> WHAT THIS TASK INVOLVES: Starting at the line that holds "H.T (@yuuking_36) Twitter profile photo H.T" and stopping at the line that holds "Benignos B1 Mood", restate the records below word for word, with both of those lines included.
### EXCERPTED DATA ###
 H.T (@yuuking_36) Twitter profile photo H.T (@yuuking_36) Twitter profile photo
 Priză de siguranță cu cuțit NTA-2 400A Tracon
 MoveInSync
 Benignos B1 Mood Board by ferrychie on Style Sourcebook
###
### EXCERPTED DATA ###
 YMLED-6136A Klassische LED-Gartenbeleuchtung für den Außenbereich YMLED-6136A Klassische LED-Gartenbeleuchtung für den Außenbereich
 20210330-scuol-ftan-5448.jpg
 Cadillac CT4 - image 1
###
> WRITTEN ANSWER:
 H.T (@yuuking_36) Twitter profile photo H.T (@yuuking_36) Twitter profile photo
 Priză de siguranță cu cuțit NTA-2 400A Tracon
 MoveInSync
 Benignos B1 Mood Board by ferrychie on Style Sourcebook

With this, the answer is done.